What does the FOA mean by analyzing "components" of multifaceted interventions?
It refers to estimating the effects of participating in specific parts of a multi-part program to understand which components contribute most to desired outcomes.
What does the FOA mean by "dosage" and "program quality"?
Dosage refers to the level of exposure or participation in the program, and program quality refers to how well the program was delivered. The FOA prioritizes analyses that link differences in dosage or quality to differences in program impacts.
Why does the FOA emphasize measures for ages 10 to 14?
The FOA prioritizes developing or validating behavioral or intermediary measures that can be reliably collected from adolescents, especially younger adolescents ages 10 to 14, and that later correlate with the main outcome measures used in the HHS Evidence Review.
What is not allowed or not supported under this FOA?
The FOA does not support new data collection, continuous ongoing analysis unrelated to discrete research questions, or the long-term maintenance and distribution of datasets.
Does the FOA allow repeating the original evaluation impact study?

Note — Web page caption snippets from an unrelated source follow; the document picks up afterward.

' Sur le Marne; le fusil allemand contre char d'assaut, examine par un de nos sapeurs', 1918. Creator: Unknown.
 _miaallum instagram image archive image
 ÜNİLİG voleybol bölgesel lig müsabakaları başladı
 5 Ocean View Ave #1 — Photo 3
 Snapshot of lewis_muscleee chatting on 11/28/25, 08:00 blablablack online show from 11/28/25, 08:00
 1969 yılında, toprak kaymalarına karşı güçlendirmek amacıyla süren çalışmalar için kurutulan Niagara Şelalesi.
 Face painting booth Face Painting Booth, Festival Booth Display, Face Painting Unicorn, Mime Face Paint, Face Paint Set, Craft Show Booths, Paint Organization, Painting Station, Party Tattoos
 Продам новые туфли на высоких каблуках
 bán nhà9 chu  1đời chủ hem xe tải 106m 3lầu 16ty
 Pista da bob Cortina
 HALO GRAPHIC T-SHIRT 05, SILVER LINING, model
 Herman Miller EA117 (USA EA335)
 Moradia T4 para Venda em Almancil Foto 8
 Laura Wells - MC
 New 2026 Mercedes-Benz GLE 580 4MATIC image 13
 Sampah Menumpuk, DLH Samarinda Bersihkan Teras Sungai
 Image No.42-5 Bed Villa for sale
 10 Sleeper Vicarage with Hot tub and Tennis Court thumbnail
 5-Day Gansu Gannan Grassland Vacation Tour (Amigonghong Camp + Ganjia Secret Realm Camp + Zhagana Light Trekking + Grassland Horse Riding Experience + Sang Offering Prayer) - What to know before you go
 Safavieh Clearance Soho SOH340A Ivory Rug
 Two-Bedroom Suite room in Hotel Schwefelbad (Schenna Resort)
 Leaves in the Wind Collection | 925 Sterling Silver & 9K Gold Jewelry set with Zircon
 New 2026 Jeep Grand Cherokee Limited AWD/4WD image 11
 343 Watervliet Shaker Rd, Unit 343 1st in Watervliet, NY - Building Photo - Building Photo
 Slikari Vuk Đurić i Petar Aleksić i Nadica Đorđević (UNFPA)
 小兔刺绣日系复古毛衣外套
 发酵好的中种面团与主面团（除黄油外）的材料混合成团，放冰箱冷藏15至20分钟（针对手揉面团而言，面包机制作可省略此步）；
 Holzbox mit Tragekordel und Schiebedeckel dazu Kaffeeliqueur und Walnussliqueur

No. Proposed analyses must be meaningfully distinct from what the original research team already did when the data were first collected. The FOA emphasizes originality and non-duplication.
What kinds of secondary analyses are prioritized over duplication?
The FOA prioritizes analyses that examine program components, populations, sites, or settings that were not previously examined, and analyses that address the priority research questions described in the announcement.
What does it mean that this award is a "cooperative agreement"?
It means OAH will have substantial involvement in the project rather than acting only as a pass-through funder.
How will OAH be involved during the project?
OAH involvement includes helping connect awardees with other funded organizations for collaboration, assisting in setting and refining project priorities over time, and reviewing and approving analysis plans after datasets are secured and before the project moves fully into the analytic phase.
What ongoing oversight or support is described in the FOA?
The FOA describes ongoing monitoring and technical assistance typical of cooperative agreements, including regular (monthly) phone meetings, review of work plans and budgets, and continuous oversight of procedures and progress to ensure alignment with approved objectives.
How many awards were anticipated?
The FOA anticipated making two awards.
What is the maximum award amount (award ceiling)?
The award ceiling is $400,000 per award.
Who is eligible to apply?
Eligible applicants include state governments, special district governments, public and state-controlled institutions of higher education, private institutions of higher education, federally recognized Native American tribal governments, and for-profit organizations other than small businesses.
What was the application closing date listed in the announcement?
The original application closing date listed was April 8, 2016.
What is the legal authority for this funding?
The funding authority is tied to Section 241 of the Public Health Service Act and the Consolidated Appropriations Act, 2016 (P.L. 114-113), with funding subject to annual appropriations.
What is the expected value of the research supported by this FOA?
The FOA is aimed at generating deeper, more nuanced conclusions from existing evidence-based teen pregnancy prevention evaluations, with the intent that the resulting insights can help reduce teen pregnancy rates and address persistent disparities across communities.